Frontier tasks that actually separate the best models.
Three flagship families — extending Terminal-Bench, SWE-Bench and Toolathlon — of hand-calibrated, fully verifiable agentic tasks. Every task ships a deterministic oracle and is tuned to produce real score spread across frontier models, not a saturated 100%.
Terminal-Bench Extension
CTF-grade algorithmic tasks solved inside a terminal sandbox — cryptanalysis, compiler internals, automata, coding theory and formal proof. Each task hands the agent a precise specification and a hidden checker; the answer must be computed, never guessed.
Departments with the most students — ties included
Over a knowledge graph of departments, courses and enrollments, return the name(s) of the department with the maximum number of distinct enrolled students — and every department tied for the top.
ORDER BY … LIMIT 1 silently drops ties; the checker builds graphs where several departments share the maximum, so only a tie-correct query passes.RSA — Wiener's attack
An RSA key was generated with a dangerously small private exponent d < n^0.25/3. Given only the public key (e, n), recover d via the continued-fraction approximation of e/n.
SAT solver: DPLL + CDCL + watched literals
Build a CNF satisfiability solver using DPLL with unit propagation, conflict-driven clause learning, and the two-watched-literals data structure. Return SAT/UNSAT and, when SAT, a model.
SWE-Bench Extension
Pull-request tasks mined from active open-source repositories. The agent works against a real codebase at a real before commit and must reproduce the behaviour of a merged PR — graded by the project's own hidden test suite, exactly as SWE-Bench intends.

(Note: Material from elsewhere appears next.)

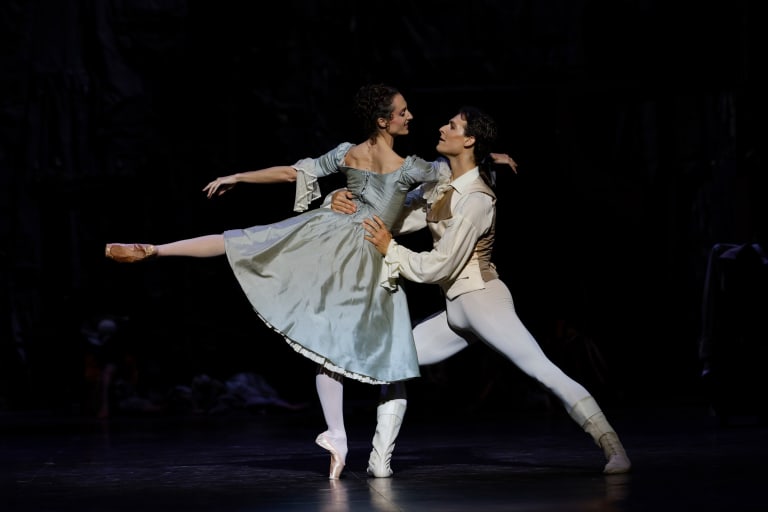 2023 06-HIST-©Loboff-573_HISTOIRE MANON_Kenneth MacMillan_Dorothée Gilbert Hugo Marchand (c) Svetlana Loboff OnP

Playlist download modifiers
A self-hosted yt-dlp web UI enqueues every entry of a playlist wholesale. Add per-playlist modifiers so a user can download only a chosen slice of a playlist.
Default transaction isolation level
Today an isolation level must be passed per call. Add a data-source-level default so every transaction on a connection uses it — without threading the argument through each call site.

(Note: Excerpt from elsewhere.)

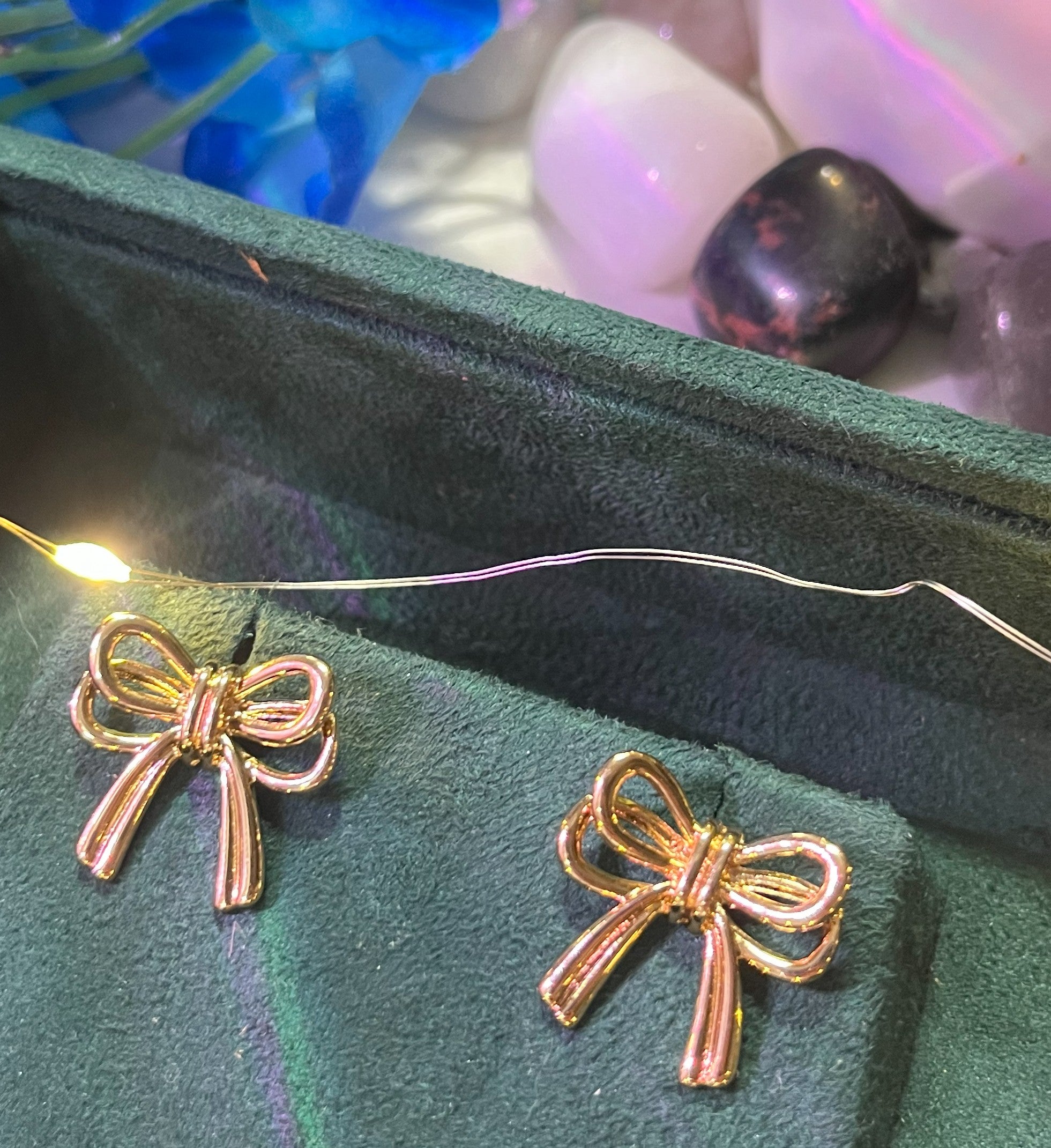 Classic Petite Bow Studs – Gold Finish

Add SQL UNION to the QuerySet API
An async Python ORM can filter, order and aggregate a single model, but can't combine queries. Add first-class .union() support that stitches multiple querysets together and returns hydrated model instances.
Toolathlon Extension
End-to-end tasks that evaluate tool-using agents across realistic multi-tool environments — Feishu, DingTalk, e-commerce and exchange-rate APIs, spreadsheet and document toolchains. Each task ships a natural-language instruction, an executable verification harness, and full trajectories capturing tool calls, observations and final answers.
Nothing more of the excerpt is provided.